Mount Everest Avalanche

Mount Everest Avalanche

Mount Everest Avalanche

An avalanche swept the slopes of Mount Everest on the 18th of April along a route used to ascend the world’s highest peak, killing 16 Nepalese guides and leaving nine more missing, officials said.


The Sherpa guides were ascending high up above base camp in the khumbu ice fields in the morning (about 630am local time) to fix the ropes for hundreds of commercial fee paying climbers when the Mount Everest avalanche hit. The area is locally known as “the Golden Gate” or “Popcorn Field”, lies within the Khumbu Icefall it is below the traditional site of Camp II, on the route between Camp I and Camp II.


13 bodies have been recovered and rescuers were unable to recover 3 Sherpa’s out of the snow, it has been reported.

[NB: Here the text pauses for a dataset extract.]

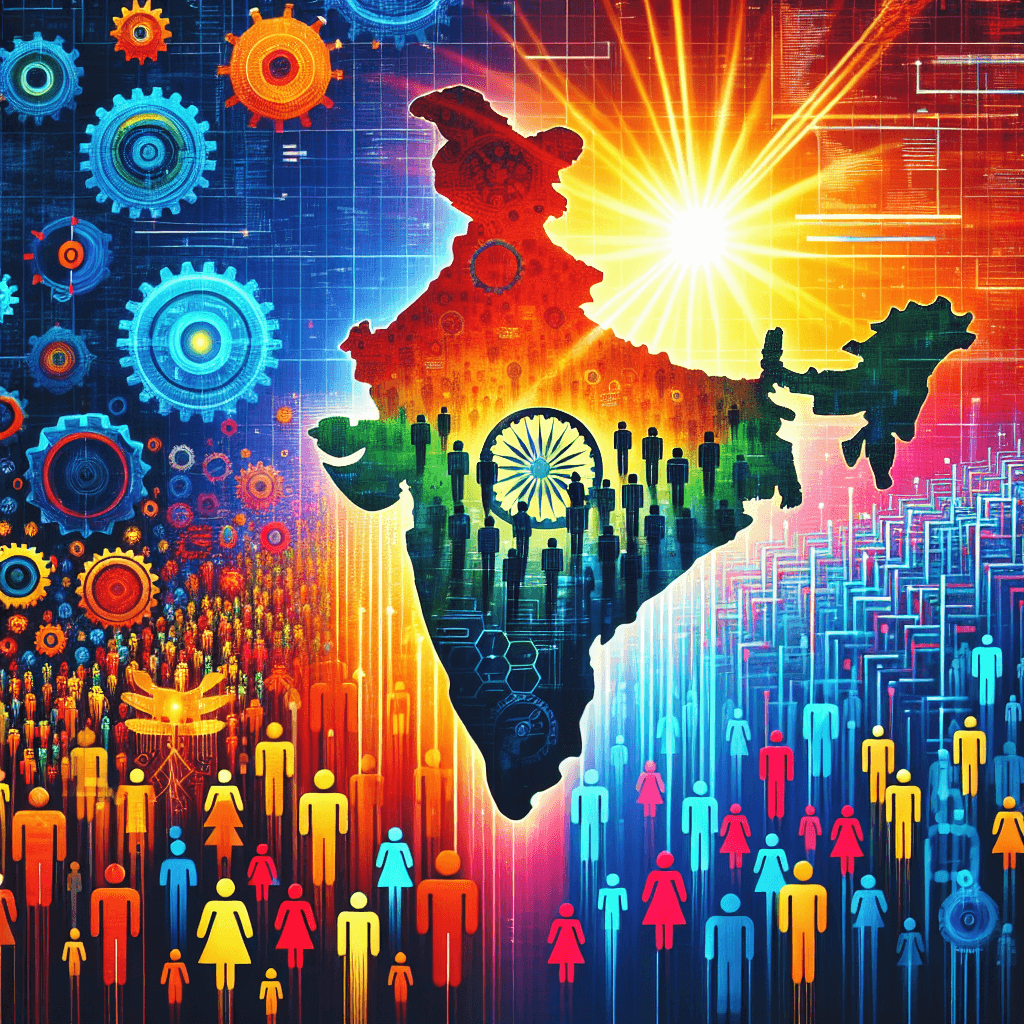 Banner for OpenAI Unleashes Hiring Surge in India Before New Delhi Office Launch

Search and rescue operations were called off due to “too much risk”. The three victims still buried are buried at depths of roughly 80 to 100 metres of snow and ice. Nine other guides were also injured, including three who required intensive-care hospitalization.

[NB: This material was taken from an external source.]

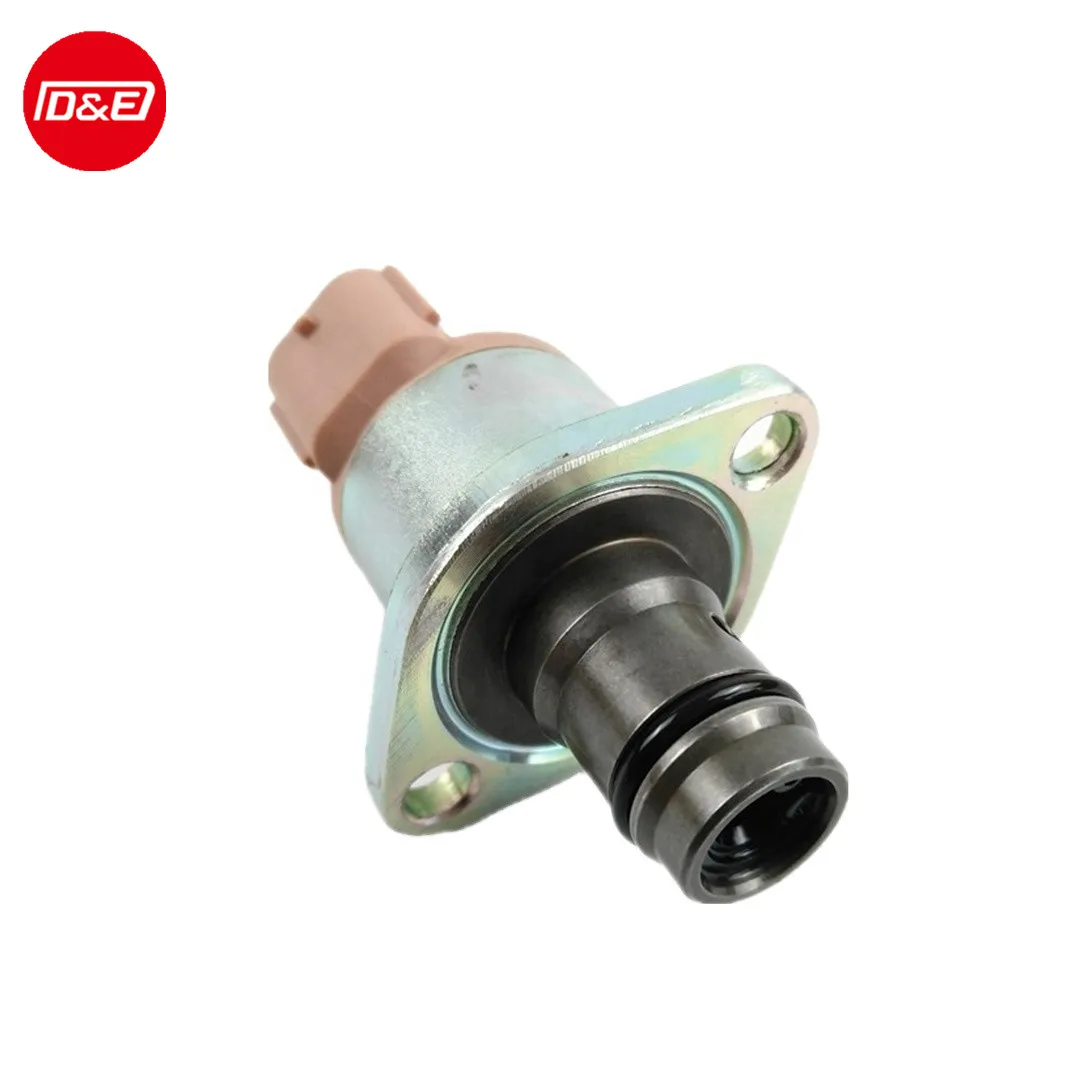 294200-0360 A6860-VM09A Suction Control Valve Fuel Pump Pressure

No foreigners were killed.


Hundreds of climbers had gathered at the base camp, gearing up for attempts to scale the 8,850-metre (29,035ft) peak early to mid May each year when weather conditions become favorable.

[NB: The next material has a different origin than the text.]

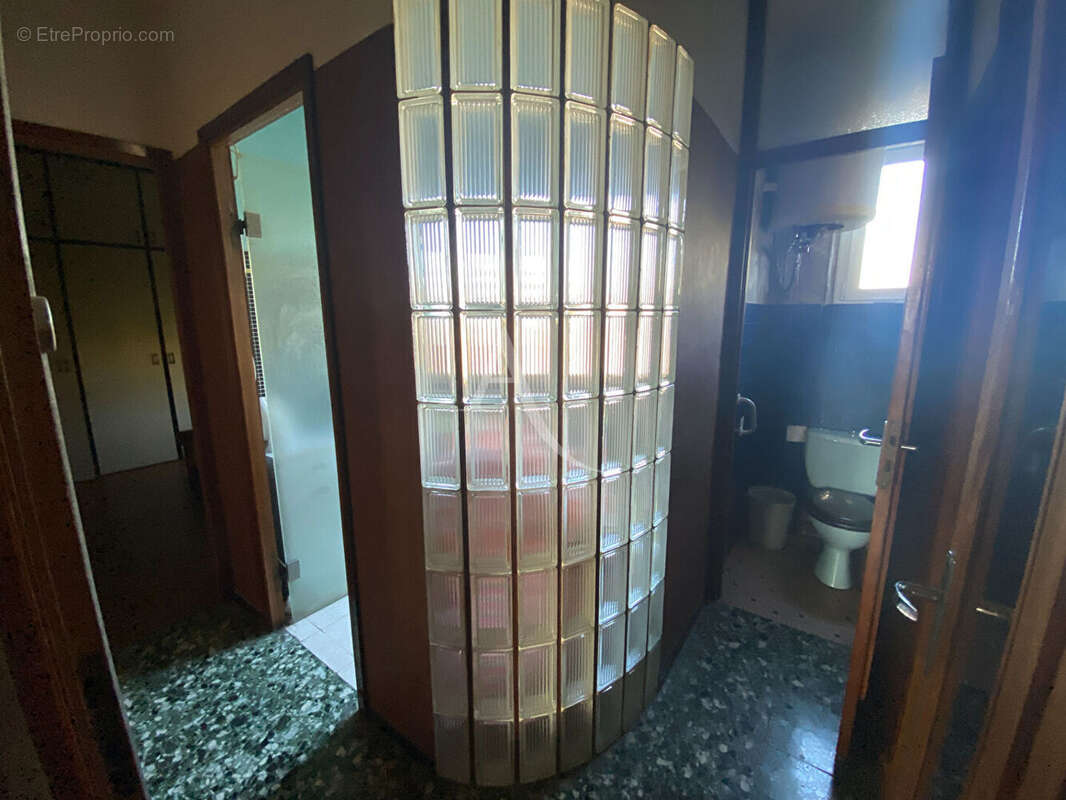 Appartement à CASTELNAUDARY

The Sherpa’s have been setting up their camps at higher altitudes fixing routes and ropes on the slopes and ferrying large “loads of equipment, tents, stoves, oxygen and so on up to stock camps” when the avalanche occurred ahead of the ascent to the summit in May.


As soon as the avalanche hit, rescuers and fellow climbers rushed to help. A helicopter was also sent from Kathmandu.


It was reported everyone was really shaken at base camp. Some of the climbers immediately packed up their belongings and left.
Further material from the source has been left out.